While exploring the “real” geographies of the two cities, these researchers are equally concerned with the “situated myths” (154) that each population holds about themselves and their respective “other” across the Amur River. On the northern bank, the Soviet-designed city blends with the remnants of an imperial settlement designed to secure the tsarist empire's designs on the Russian Far East and access to the Pacific. To the south sits a much younger city: one defined by its proximity to Russia, but which remains quite distant from its septentrional counterpart in so many other ways, not least of which is its undeniable connections to a globalized world that often eludes its neighbor. As the authors are at pains to point out, the “imaginary dimension” (248) permeates nearly every interaction between the residents of these two Asian cities, both of which serve as beachheads, even laboratories for various geopolitical and commercial maneuverings of their respective capitals, Moscow and Beijing. The most profound finding of Billé and Humphrey, one grounded in careful and meaningful on-the-ground analysis, is that despite the so-called “no limits” partnership that supposedly exists between these two “gigantic, nationalistically orientated countries” (19), Russia and China (and correspondingly Russians and Chinese) remain worlds apart even when butting up against one another in places like Amur Oblast and the krais of Zabaikalsky and Primorsky.
After briefly introducing the Sino-Russian relationship by highlighting similarities and differences in these respective superpowers’ approaches to (neo-authoritarian) governance, (political) capitalism, and (imperial) multiculturalism—as well as Russian fears about becoming a natural resource “appendage” of China (12)—On the Edge quickly proceeds to a discussion of the “phantom bridges” that (do not) exist between the two countries. Such “bridges” serve as a metonym for the aspirational, but mostly unrealized bonds that could, would, and even should bind China and Russia, but which—like any haunting—are ghostly, incorporeal, and remind us of that which has failed to be realized. Rather than engaging the macro, Billé and Humphrey choose to investigate the micro “lived realities” of those people living in the shadow of these phantasmal funiculi, evoking how their quotidian experiences give lie to “official accounts” (5) of the robust, multivalent relationship hawked by Beijing and Moscow in nearly equal measure. In doing so, the authors show us that, in fact, “Russians and Chinese know surprisingly little about each other” (9), yet quite engage in a “complex cross-cultural process[es] of borrowing, inspiration, and mimesis” (21).

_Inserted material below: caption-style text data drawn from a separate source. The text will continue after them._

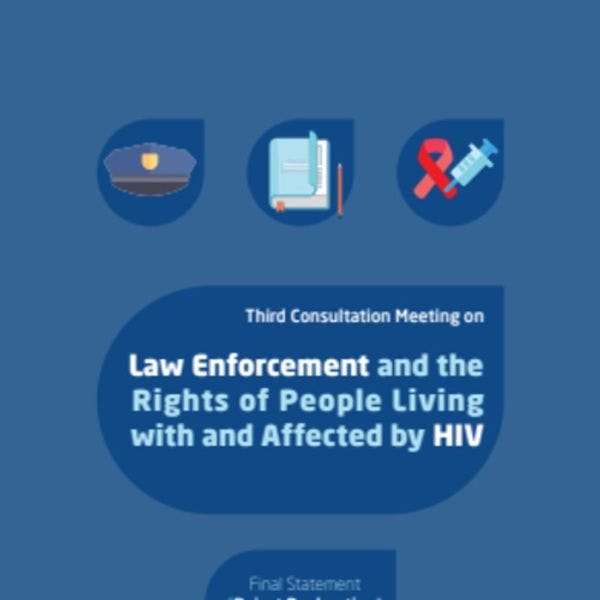 Fuerzas policiales y derechos de las personas que viven con / afectadas por el VIH
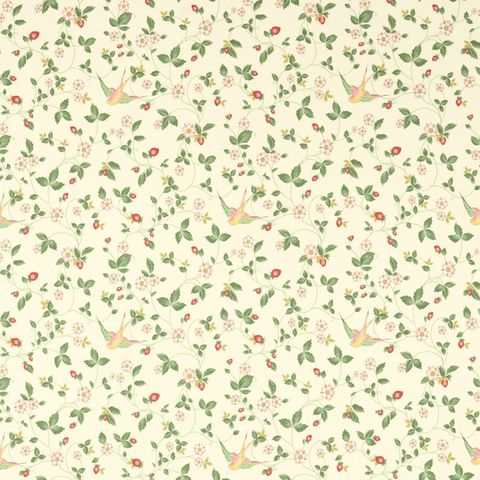 WILD STRAWBERRY IVORY LINEN Upholstery Fabric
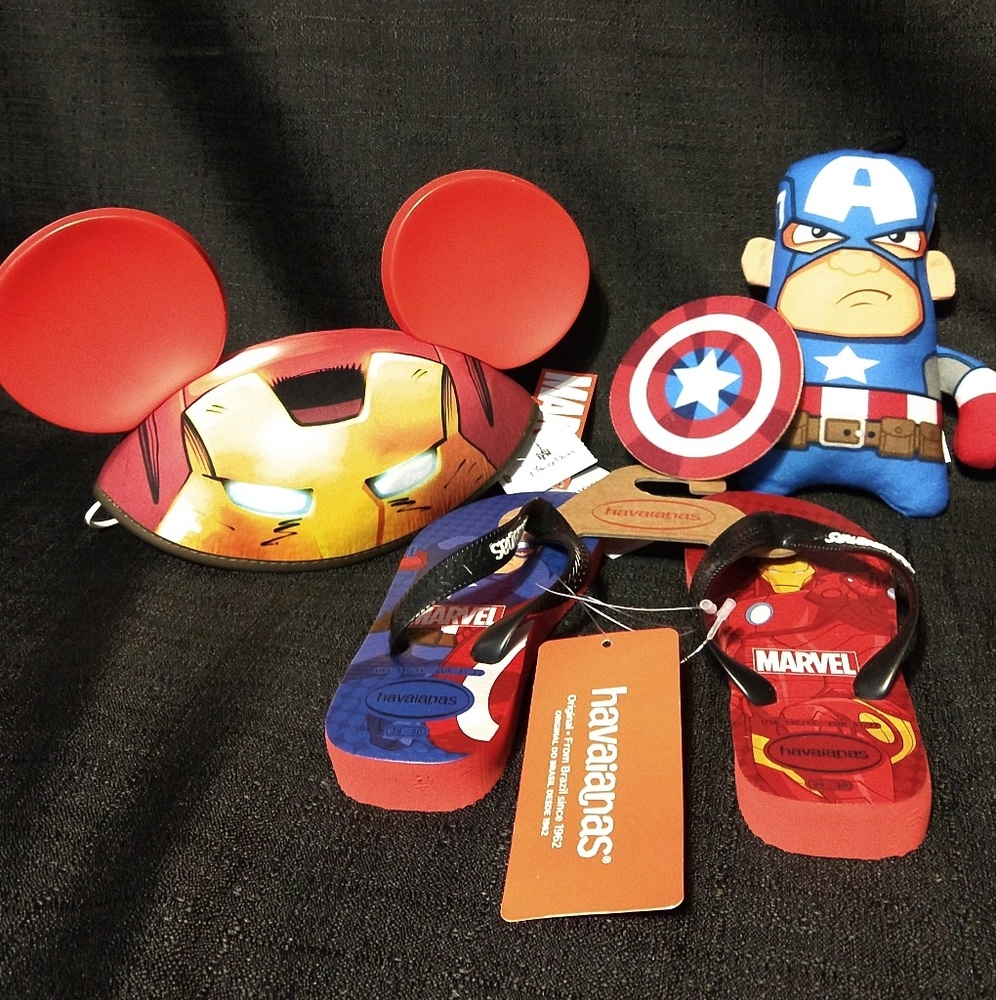 Disney Mickey Ears Iron Man Edition Hat bundle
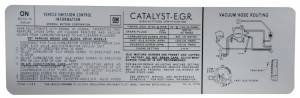 Automatic Transmission Emission Decal - 403 HI-ALT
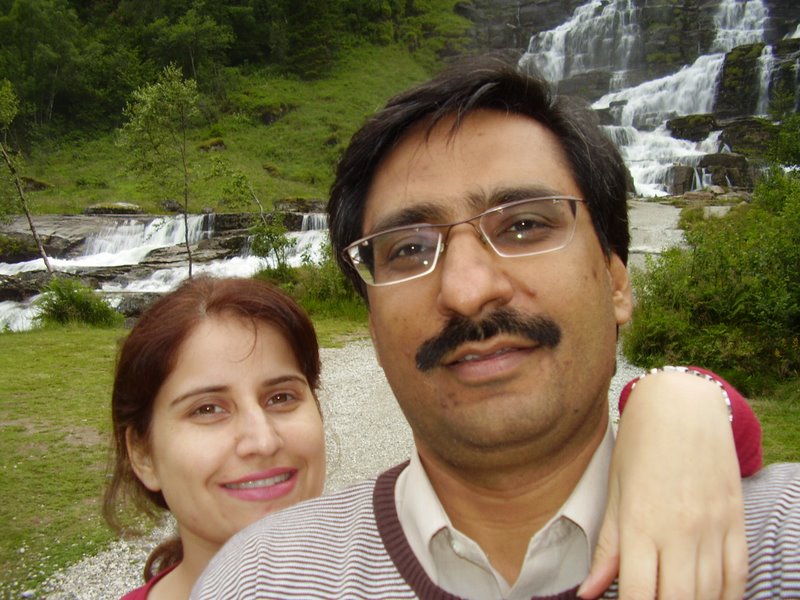 Javed Chaudhary with his Wife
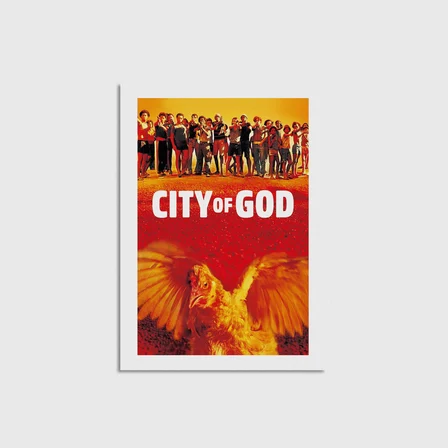 City of God (2002) Film Posteri Çerçevesiz Poster Duvar Dekorasyonu
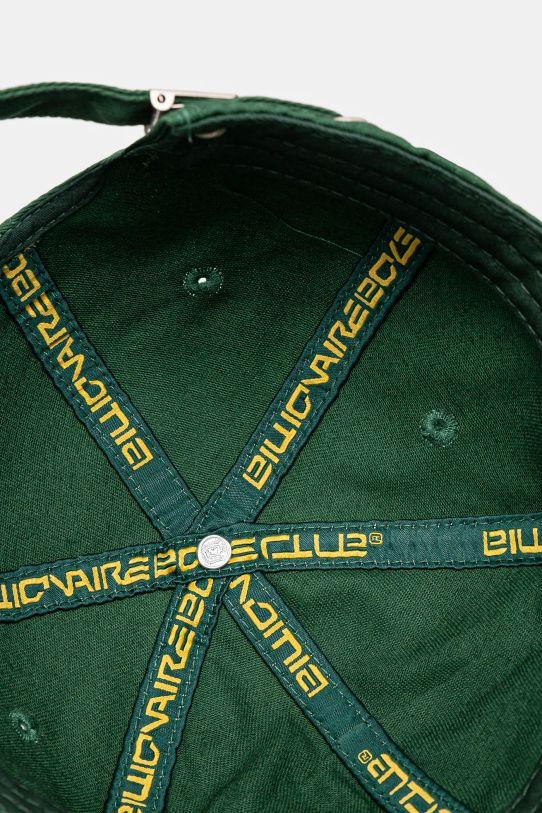 Бавовняна бейсболка Billionaire Boys Club Script Logo Dad Cap сірий B24472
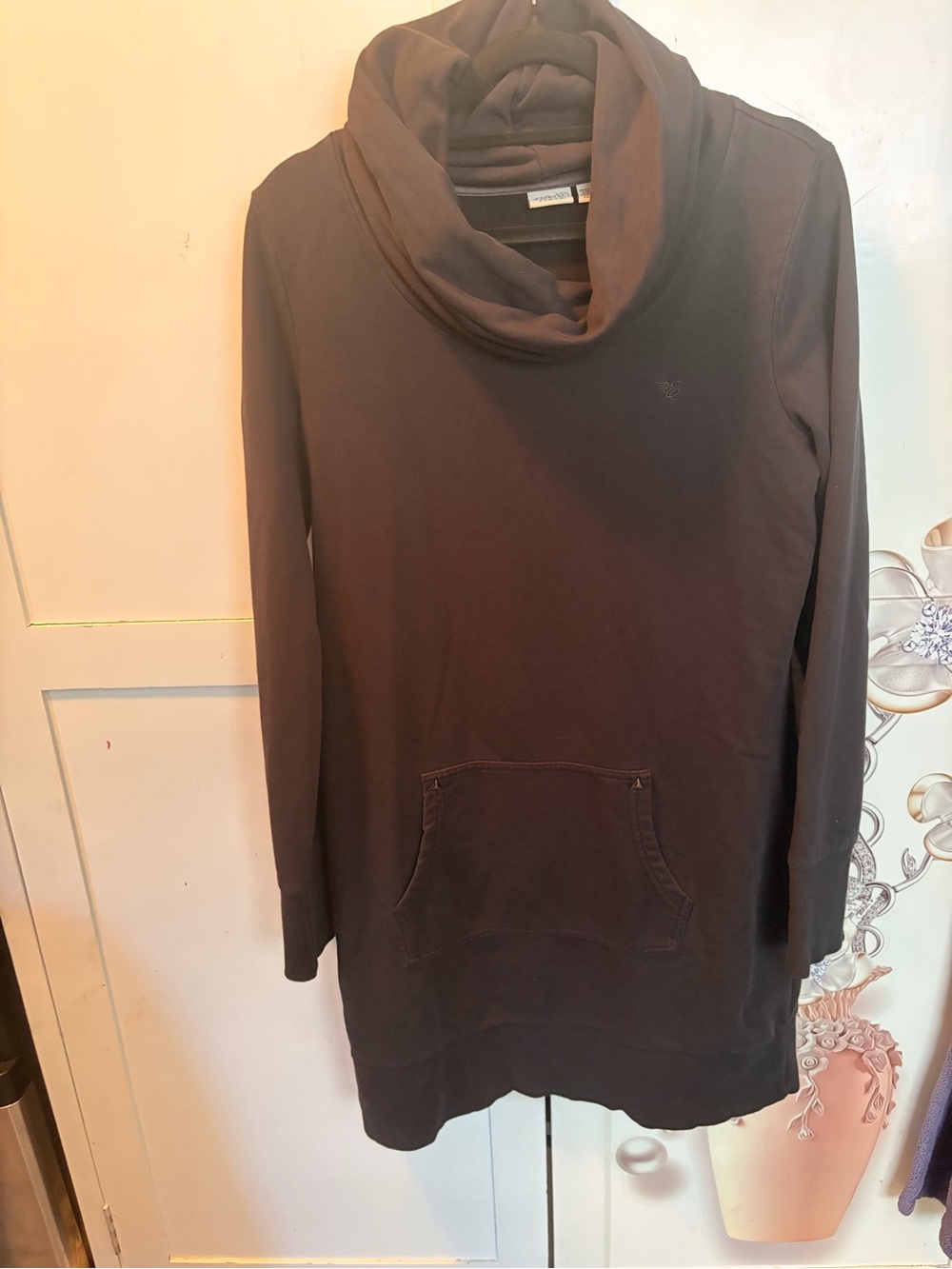 Esprit Women's Black Cowl Neck Tunic Sweater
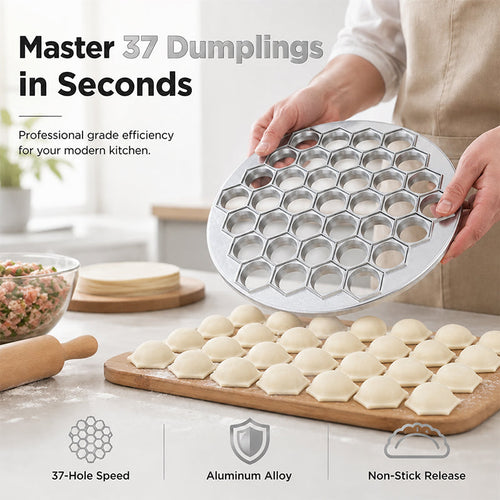 🥟 LIMITED-TIME 40% OFF! ⚡37-Hole Quick Dumpling Maker – Time-saving, Uniform, Simple Use 🍽️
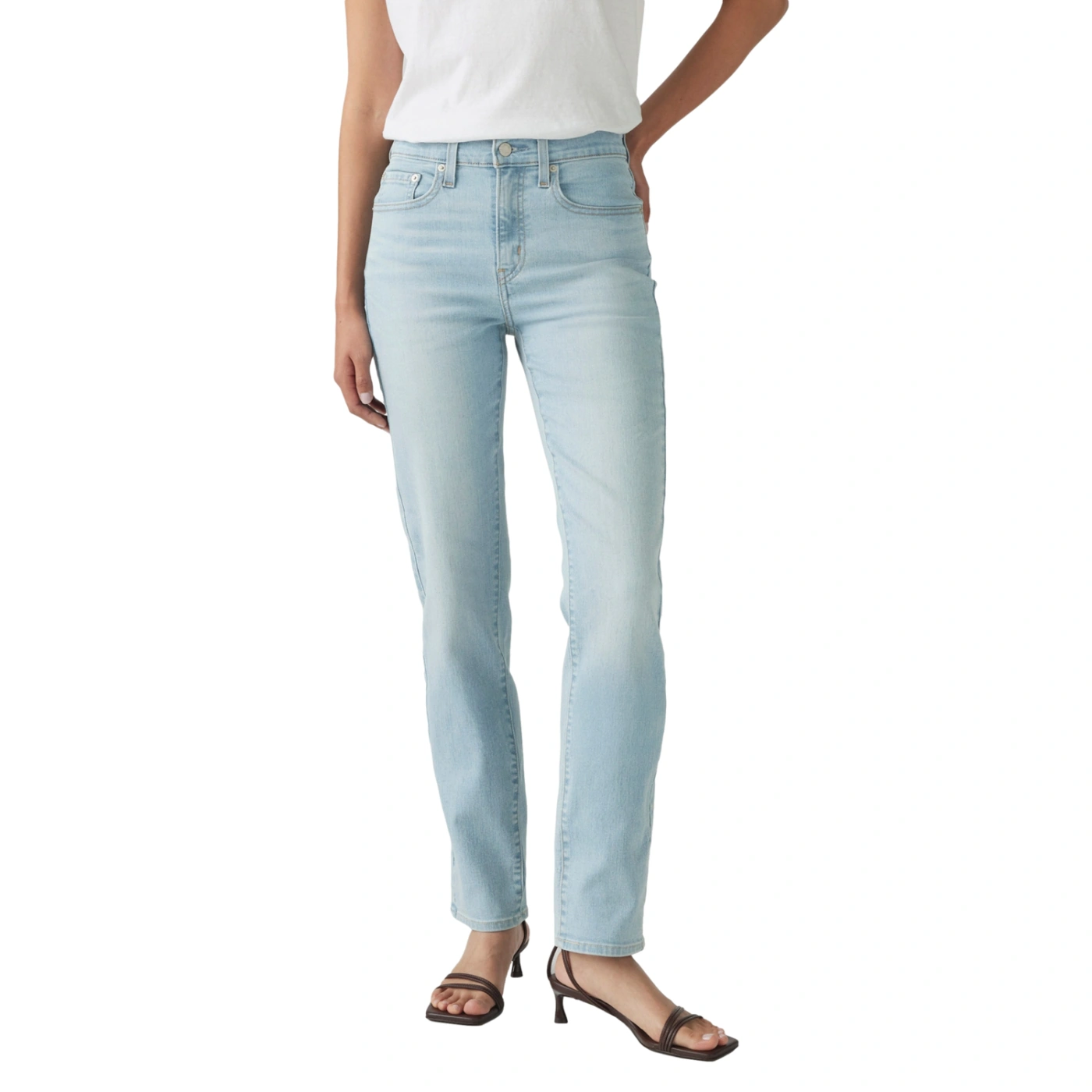 JEAN RECTO MUJER LEVI'S 724 HIGH RISE STRAIGHT ETERNAL INDIGO LIGHT - 2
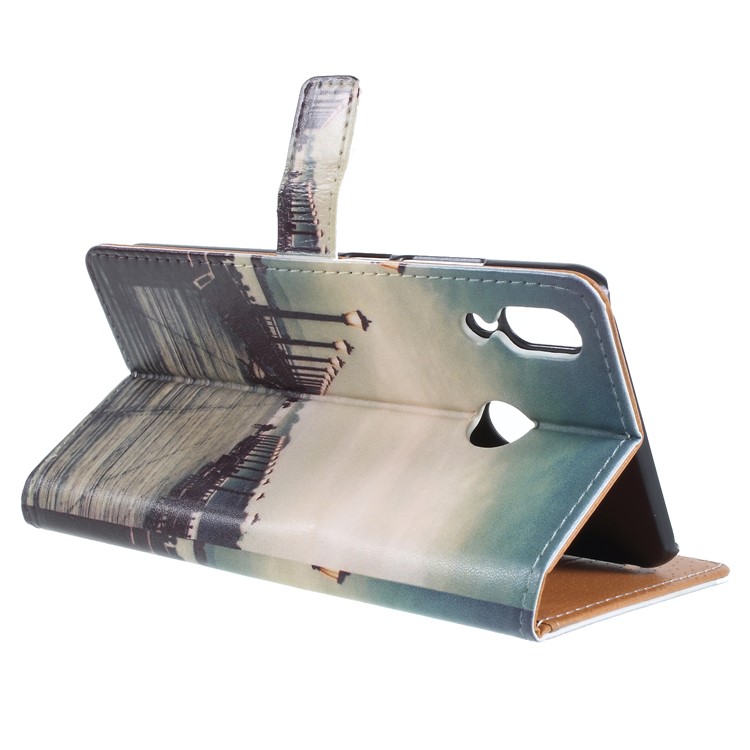 Pattern Printing PU Leather Wallet Case for Asus Zenfone 5Z ZS620KL - Dock at Sunset-5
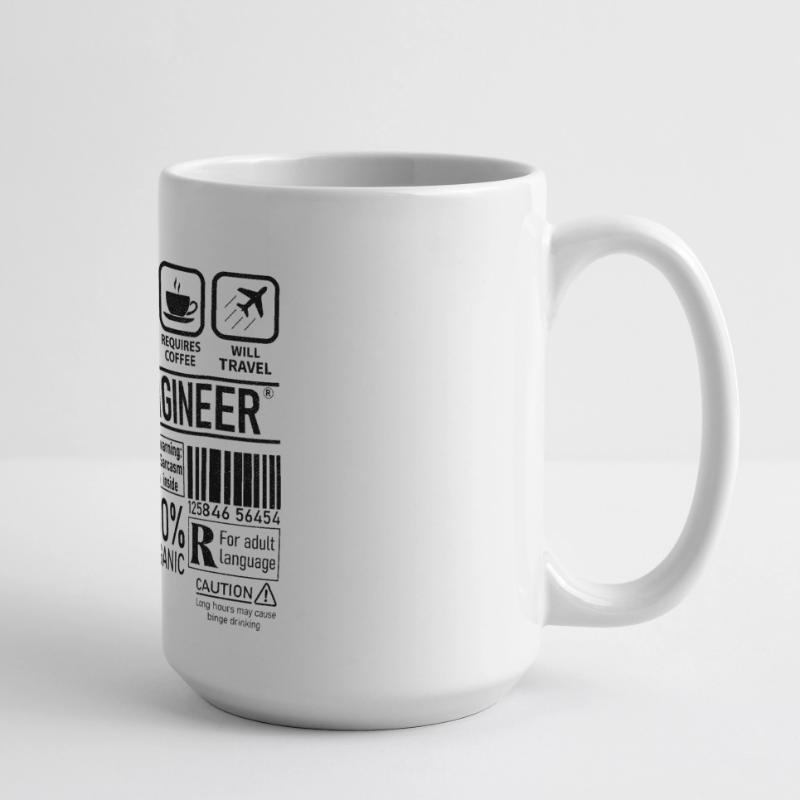 Civil Engineer multi tasking problem solving Large Panoramic Mug 440 ml
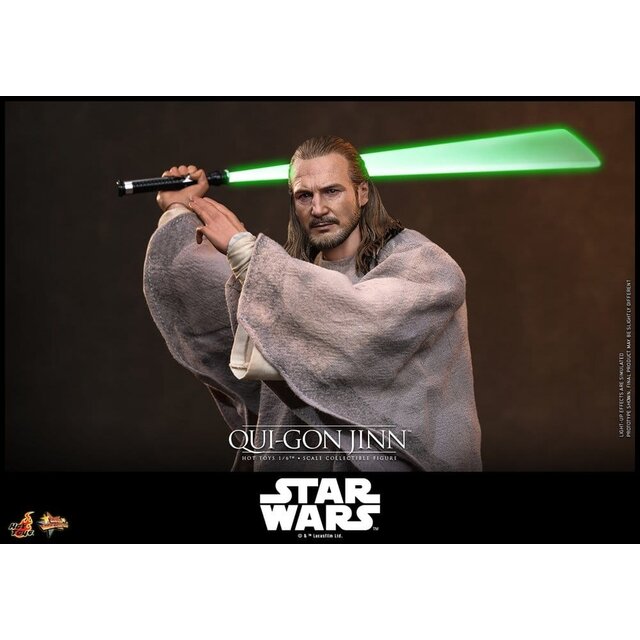 Star Wars: The Phantom Menace Movie Masterpiece Action Figure 1/6 Qui-Gon Jinn (Artisan Edition) Hot Toys Exclusive 32cm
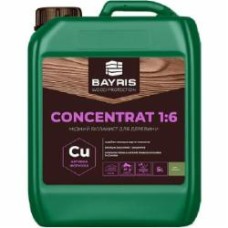 Биозащита медная Bayris для древесины зеленый 5 л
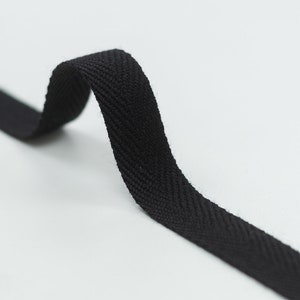 Schwarzes Band, Bandstoff, Ripsband, Nähband, Spitzenstoff, Band, Band für Kleid, RI00144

As the reader moves through the text, the geographic scale steadily narrows from the (inter)national level to the regional to the local, eventually engaging the realm of individual—albeit collectively-informed—Weltbilder (world-pictures) of the denizens of Blagoveshchensk and Heihe. In the ensuing chapters, the authors delve into this curious paradox, first by discussing “Border Spaces,” “Standoff on the Border River,” and “Making a Living in the Cross-Border Economy” (Chs. 1–3). This troika of chapters serves to ground the more sophisticated and complex narrative threads that will be present in the final three full chapters of the text: “Friends, Foes, and Kin across the Border,” “Resources and Environment,” and “Bright Lights across the Amur” (Chs. 5–7). Knitting these two sections together is the very welcome fourth chapter, “Indigenous Peoples of the Borderlands,” a thoughtful and evocative series of vignettes focusing on the ethnic minorities (Nanai-Hezhe, Oroch-Oroqen, and Buryat-Barga) whose lives and livelihoods are split and pained by the Russo-Chinese border. With its sound anthropological analysis, this chapter exemplifies the overall quality of the book's contribution to the field of Eurasian studies.